Much to my surprise, the former Jamaican no longer speaks with an accent. He’s quick in the mind; Memaw’s perfect scammer, but folks need to eat. Everything on this planet survives by harming or destroying another, and we are no exception to that rule. I’m not sure what I plan to see on this short trek and I’ve already witnessed what could’ve very well been a corpse. Then, I had lunch. My feet were meant to be here; not always, but at least the latter part of my current life. Every day between the awakening and execution was non-stop struggle. I don’t expect anyone to understand, but it’d be nice. I’m midway through my adventure, both this and life’s, and no one’s come by to check my ticket. Hopefully the creature holding onto the controls of this bullet for dear life is taking his or her job a tad more seriously than the conductors.

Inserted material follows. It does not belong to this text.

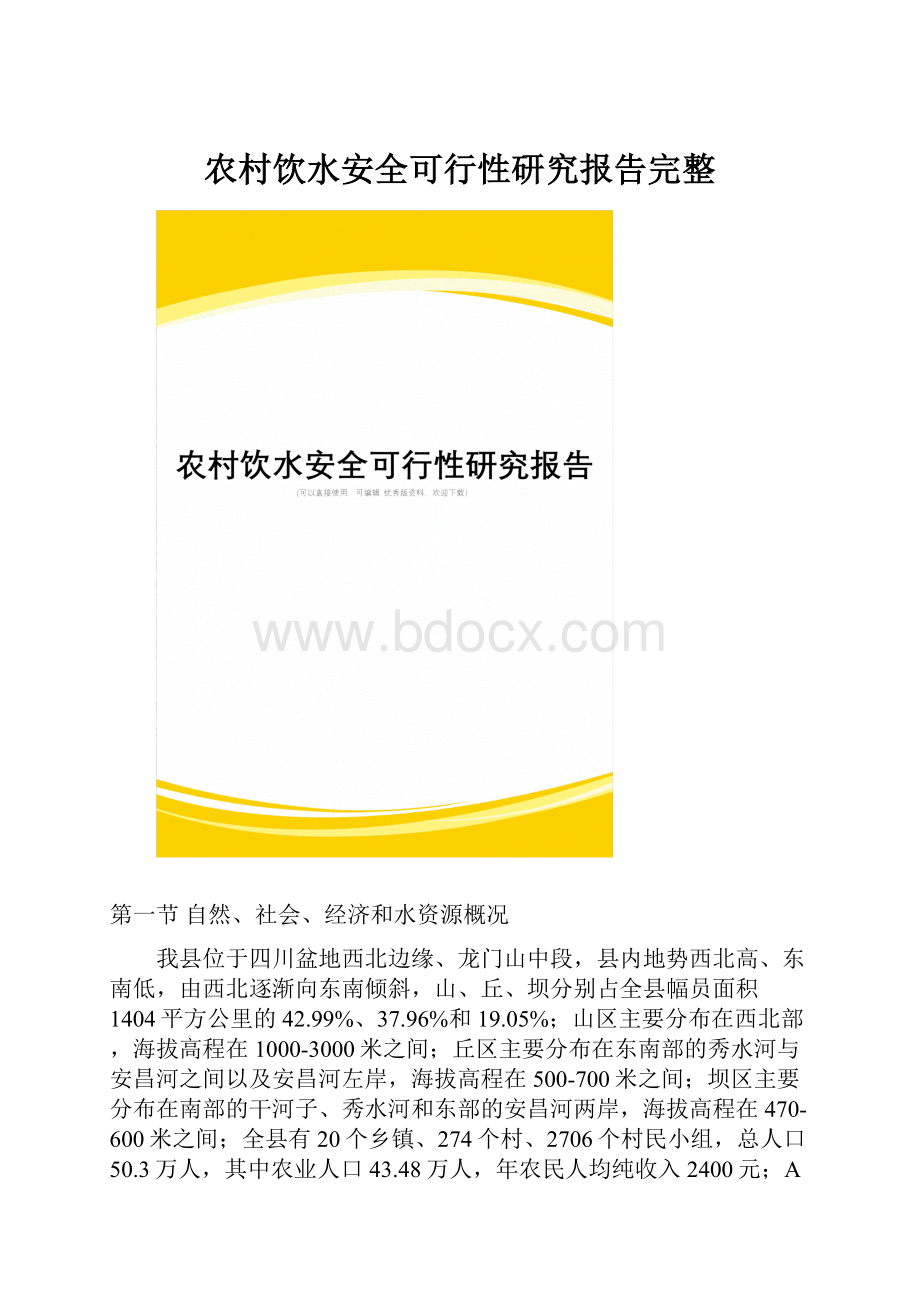 农村饮水安全可行性研究报告完整.docx_第1页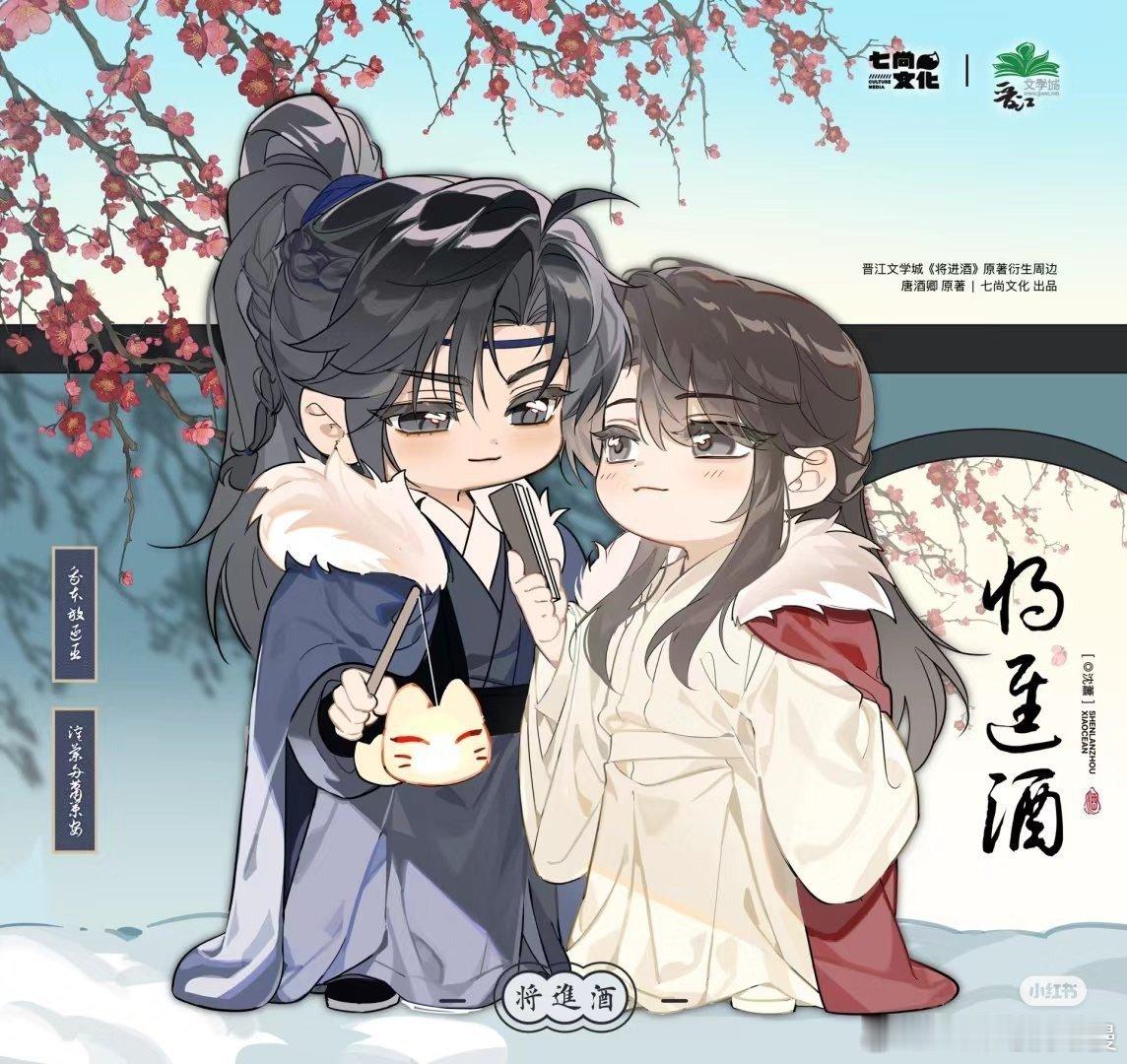 好可爱的策舟 ​​​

Thanks to our federal government’s imminent domain of rail beds, I ride atop rocks that could’ve soaked up the blood of those misfortune travelers who came and went before me in days gone by when nothing but rail travel existed. Every nut is a trip to the past disguised with modern shells. All which changes is flesh, and flesh will forever fail.

The barely touched bottoms and thickets between the two major cities still sit in secret. They’re almost too wicked to tame even with modern gear, and can only be seen by those who lower themselves to the mysteries of intra-city rail. I cut my teeth on such pin-prickety chaos on Long Island, New York, and I orgasmically twitched through every pleasurable moment.

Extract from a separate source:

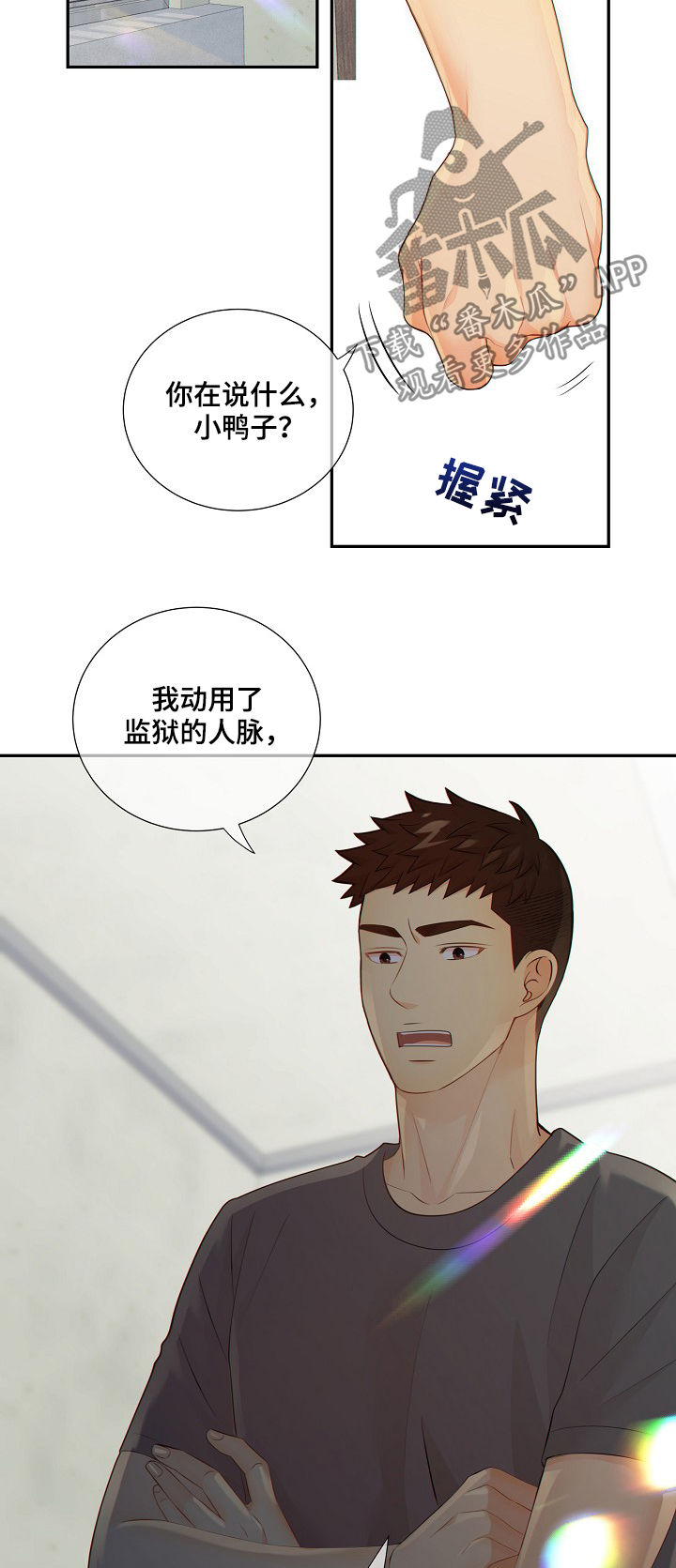 阿尔法监狱漫画,第73章：谎言4图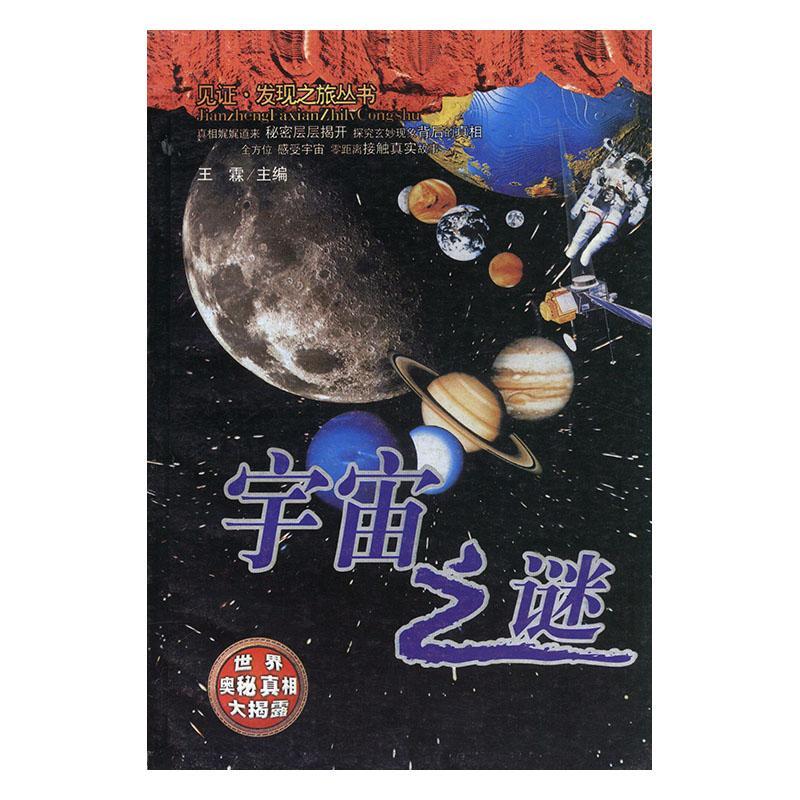 宇宙之谜科普读物 图书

Only by rail can you see them actually suck her dry; our planetary mother, I mean. Our dirty secrets told in the name of progress litter railways, blind to the cars operating a few additional feet beyond the industrial facade. What they can’t hide are the abandoned rail platforms along our route. Suburbs are steadily pulling out of the North Texas public transit game according to the nightly news. If they leave, who will appreciate their abandoned junk yards and rock quarries? It’s artistic, in a way; the stacked junk beyond the ballast. My decade of shadows allowed me to appreciate the imperfections of a shattered windows or carelessly discarded chemical barrels on a neverending quest to poison what we believe is the dominant lifeform abroad.

Before long, my eyes reach the familiar sight of manicured golf courses, announcing to those capable of seeing that the city’s illusion returns to us unscathed. Heads peek from homeless encampments as we provide them with the day’s only break from hard-luck mediocrity. Even the benches on the station platform are built for discomfort. Attempting to rest, let alone sleep on the platform would be a tasteless joke no dissimilar than those who claim to want to help them. Awards are won on paper, not with deeds themselves. It’s smoke and mirrors on auto pilot, but they’re high-dollar mirrors. My preferred method of purchase would be to wait and find them in a second hand store, butt-worn and impotent. Thus are the words of The Gonzo Hobo.

I was told once that “Hobo” was a name for civil war soldiers who were “homeward bound”, but with out the proper fundage to complete their quest bia legal means. My Jamaican co-rider joins me for the return trip. Apparently he “works” here. For ten or so dollars a day, he has a mobile office where the scenery changes often plus wifi. Jamaican accent, American genius. Home of the craftiest actors this side of the penitentiary.

To top it off, I witnessed a DART operator close the doors on an elderly woman and begin dragging her. She would’ve died if not for the other passengers interfering. The operator showed little concern and cursed at the people who saved the lady’s life. Car 149B. They immediately changed drivers when they got to the next stop. No assistance offered to the lady. None.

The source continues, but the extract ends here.